Editor's note: This article was co-published on the HiRISE blog.
Emily Lakdawalla posted an article in February describing challenges facing the Mars Reconnaissance Orbiter and the High Resolution Imaging Science Experiment (HiRISE), based largely on a NASA press release. There were two especially worrisome issues for the HiRISE team and user community: (1) blurred images; and (2) MRO battery issues requiring a future move of MRO’s orbit to a later time of day, leading to lower-quality images. There is now good news about both issues.
Blurred HiRISE images
HiRISE images taken in 2017 and early 2018 showed blurring not seen earlier in the mission. The percentage of full-resolution images with blurring peaked at 70% in October 2017 at about the time when Mars was furthest from the Sun. That percentage declined to near zero as Mars moved closer to the Sun, indicating a thermal effect. The camera has an active thermal control system (TCS) that keeps the telescope optics and structure near 20° C. To preclude possible transient noise, the original control software disabled the TCS during science image capture, which lasts for only a few seconds, not enough time to affect the optical performance.
HiRISE has had another issue: bit flips in the analog-to-digital converters for some of the 26 image channels when the focal-plane electronics (FPE) are relatively cold. These bit flips create artifacts in the images, which have worsened over time and can lead to useless images.
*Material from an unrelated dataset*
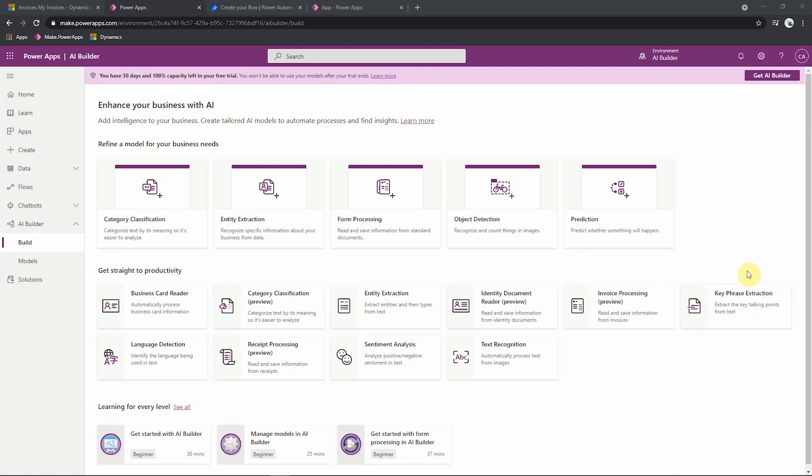The other type of model are custom models. And these are models that we can make ourselves and tailor to our specific needs. There are five types of custom models we can make. We can classify text or extract information from text, pull information from documents, count objects within an image or identify objects in an image, or create predictions on our data.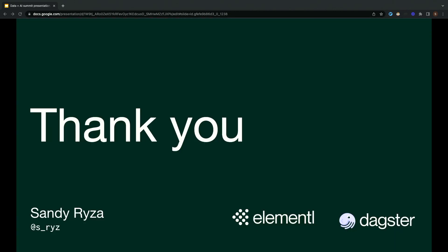If you're curious about Dagster, you can check that on GitHub, which you can get to by just Googling Dagster GitHub. We'd love to see you in our Slack, which you can get to from our website, dagster.io. Thank you so much for listening. Find me after the talk if you have any questions.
We mitigate the bit-flip problem by warming up the FPE before imaging Mars, which requires operating the FPE in imaging mode. Thus, we acquire long-duration warmup images that are not returned to Earth. Initially we did these warmup images in the middle of the night side (MRO in eclipse), when MRO operates on battery power. But HiRISE imaging uses a lot of power, and when the lifetime of the MRO batteries became a concern we moved the warmup images out of eclipse to just before the Mars images. That meant that the TCS was off for significant time periods before most Mars images, without enough time for all telescope elements to recover to 20° C. The engineers at Ball Aerospace in Boulder, Colorado, who designed and built the HiRISE camera, suspect that there are temperature gradients that lead to out-of-focus images.
The temperature-gradient theory for the blurring suggested a simple solution: change how the camera operates so that the TCS stays on during imaging. We implemented that fix last summer, but since Mars was near its closest point to the Sun we could not test whether or not the blurring would re-appear when the environment is colder. Mars’ range to the Sun has been increasing since last spring and the environment is now cold enough to produce blurring unless the fix worked. We have seen no blurred images, so it now appears very likely that the blurring problem is gone (hurray!).
The NASA press update about MRO said “To prolong battery life, the project is conditioning the two batteries to hold more charge, reducing demand on the batteries, and is planning to reduce the time the orbiter spends in Mars' shadow, when sunlight can't reach the solar arrays. The spacecraft uses its batteries only when it is in shadow, currently for about 40 minutes of every two-hour orbit.” MRO has operated near a local mean solar time of ~3 p.m., which provides optimal lighting for topographic shading while maintaining a high signal level for imaging. However, with battery degradation, spending ~40 minutes in the shadow of Mars on every orbit is risky, and indeed the spacecraft experienced a couple of scary episodes. One solution, already applied to Mars Odyssey, is to move the orbit to a later time of day near the terminator (day-night boundary) so that the spacecraft is in sunlight for most of every orbit. In such an orbit HiRISE would need to acquire mostly 2x2 or 4x4 binned images to acquire sufficient signal, degrading the spatial resolution. We could still acquire “full-resolution” (unbinned) images but the poor signal-to-noise ratio effectively reduces resolution anyhow, and with 2x2 binning we can cover almost 4 times as much of Mars’ surface for the same data volume to be returned to Earth.
The good news is that the battery reconditioning has been very successful, pushing the need to change MRO’s orbit off at least several years into the future. This means that HiRISE can continue to acquire images at 25-35 cm/pixel scale, and at similar lighting angles to prior images, which is best to detect changes from active processes.
MRO has enough fuel for at least another decade of operations at Mars, and the battery situation has improved to the point where another decade of life seems likely. Possibly MRO will eventually need to move to a later time of day, but not for at least several years. The bit-flip noise continues to worsen, so we will continue to increase the warmup imaging length to reach the FPE temperatures we need, and estimate that we can continue this mitigation for at least 10 years before reaching temperatures that are not considered safe. The high FPE temperatures lead to high CCD detector temperatures, beyond the range of our current radiometric calibration. We should derive new calibrations and reprocess the images, which is difficult with constantly shrinking support NASA gives to extended missions, but this can happen anytime in the future.
In summary, there are no known reasons to expect that good HiRISE imaging will end in the next decade. MRO and HiRISE are well beyond their design lifetimes, so there are no guarantees, but note that Voyagers 1 and 2 are still alive almost 42 years after launch, and GOES-3 operated for 38 years in geostationary orbit (but lost its imaging capability 10 years after launch).